The UI will dispatch the query in parallel to TACOS and the search orchestrator. TACOS responses are
then rendered immediately. The orchestrator waits for both TIMDEX and CDI responses, normalizes and
interleaves them, and returns a unified result set. This separation of concerns allows TACOS to
operate independently while the orchestrator handles result merging.

This architecture abstracts out most of the added complexity to the search orchestrator. The UI
will be responsible only for sending queries to external systems and rendering the returned data.
This abstraction will improve our discovery environment's maintainability by avoiding excessively
complex codebases.

### Relevance normalization

The interleaving of results from TIMDEX and CDI introduces the problem of relevance normalization.
While it is beyond the scope of this ADR to identify a solution this problem, it is something we
should consider as an important future step.

Primo uses an opaque, proprietary relevance algorithm. While the algorithm is
[somewhat customizable](https://knowledge.exlibrisgroup.com/Primo/Product_Documentation/020Primo_VE/Primo_VE_(English)/040Search_Configurations/Configuring_the_Ranking_of_Search_Results_in_Primo_VE),
we cannot assume any correlation between Primo scores and Okapi BM25 scores.

Premature optimization is a risk here. If we normalize scores without understanding what results
are actually useful, we might miss an opportunity to improve the search experience. Therefore, we
should avoid implementing relevance normalization until we have useful analytics. These might
include:

- Score distribution from each source
- User interaction data (e.g., do users click on CDI records more than TIMDEX records?)
- Usability testing data

We could begin by implementing rank-based interleaving (i.e., the first two results in the unified
list would be the first two results from each source). While naive, such an algorithm would provide
a baseline heuristic against which to measure future normalization attempts.

Once we have more information, we could then evaluate different normalization strategies. Techniques
like [min-max](https://opensearch.org/blog/how-does-the-rank-normalization-work-in-hybrid-search/#:~:text=3.%20Min%2Dmax%20normalization%20technique)
or [z-score](https://spotintelligence.com/2025/02/14/z-score-normalization/) would be relatively
easy to implement. However, in order to make scores semantically comparable, it seems likely that we
would need an ML-backed approach that could also help with reranking.

To that end, **we should strongly consider writing the search orchestrator in Python**, due to
greater availability of ML libraries.

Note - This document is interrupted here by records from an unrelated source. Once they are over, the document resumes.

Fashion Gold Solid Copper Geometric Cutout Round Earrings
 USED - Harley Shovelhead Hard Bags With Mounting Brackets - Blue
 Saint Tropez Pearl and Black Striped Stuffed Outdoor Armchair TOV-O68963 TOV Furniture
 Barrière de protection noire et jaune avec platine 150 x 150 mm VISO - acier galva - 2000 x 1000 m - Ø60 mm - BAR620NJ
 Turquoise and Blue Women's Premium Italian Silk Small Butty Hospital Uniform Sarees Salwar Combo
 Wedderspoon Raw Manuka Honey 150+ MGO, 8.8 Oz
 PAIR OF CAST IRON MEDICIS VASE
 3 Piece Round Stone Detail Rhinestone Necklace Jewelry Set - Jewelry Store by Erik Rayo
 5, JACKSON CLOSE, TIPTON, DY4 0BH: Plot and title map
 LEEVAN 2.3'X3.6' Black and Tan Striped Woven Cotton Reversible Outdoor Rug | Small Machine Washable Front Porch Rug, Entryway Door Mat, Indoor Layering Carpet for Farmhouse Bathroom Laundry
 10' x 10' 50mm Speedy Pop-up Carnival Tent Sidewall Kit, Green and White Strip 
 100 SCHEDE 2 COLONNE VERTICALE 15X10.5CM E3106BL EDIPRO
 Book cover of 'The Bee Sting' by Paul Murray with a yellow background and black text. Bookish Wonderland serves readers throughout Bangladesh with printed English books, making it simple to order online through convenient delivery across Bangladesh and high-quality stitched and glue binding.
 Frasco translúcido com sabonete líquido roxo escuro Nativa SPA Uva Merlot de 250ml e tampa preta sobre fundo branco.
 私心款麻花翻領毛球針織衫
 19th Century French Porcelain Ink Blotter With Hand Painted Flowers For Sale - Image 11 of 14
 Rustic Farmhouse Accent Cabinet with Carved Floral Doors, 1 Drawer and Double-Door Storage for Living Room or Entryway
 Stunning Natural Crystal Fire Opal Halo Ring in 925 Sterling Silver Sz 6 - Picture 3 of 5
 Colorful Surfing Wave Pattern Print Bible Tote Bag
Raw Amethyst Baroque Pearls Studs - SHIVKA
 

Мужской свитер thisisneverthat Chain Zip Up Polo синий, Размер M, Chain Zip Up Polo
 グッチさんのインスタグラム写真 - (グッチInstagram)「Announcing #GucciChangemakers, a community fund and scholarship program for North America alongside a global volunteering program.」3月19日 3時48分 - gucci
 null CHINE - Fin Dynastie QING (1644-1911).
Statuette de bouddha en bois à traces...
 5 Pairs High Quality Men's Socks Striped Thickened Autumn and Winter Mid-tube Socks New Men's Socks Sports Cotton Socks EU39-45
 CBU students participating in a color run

Alternatively, we can write the orchestrator in Rails and
tack on the normalization component as a Python microservice.

## Consequences

### Pros

- Avoids duplicating CDI data or violating licensing terms.
- Enables real-time access to CDI content via Primo Search API.
- Supports the unified search vision without overloading TIMDEX API.

### Cons

- Requires runtime integration with Primo Search API, which will introduce latency and complexity. (We can mitigate this by implementing a caching strategy similar to that in Bento.)
- Limits computational access to CDI records (no bulk access via TIMDEX). While not a TIMDEX UI concern, this is worthy of consideration in the broader context of the TIMDEX ecosystem.
- Mixed-source results may confuse end users.

### Future Considerations

Usability testing and analytics will inform how we refine this feature. Depending on how users
interact with the single-stream UI, we may need visual clarification of each record's source API, or
separate tabs for TIMDEX and Primo records.

Relevance normalization is a critical issue. We can begin with rank-based interleaving, but we
should not assume this to be a long-term solution.

We should connect with the MIT research community to determine their needs regarding computational
access to library data. While we cannot harvest CDI data for the aforementioned reasons, there may
be an alternative to CDI that could better support our users. Conducting this research would be a
significant undertaking beyond the scope of the unified search interface, but it aligns with the
Libraries' mission, vision, and goals.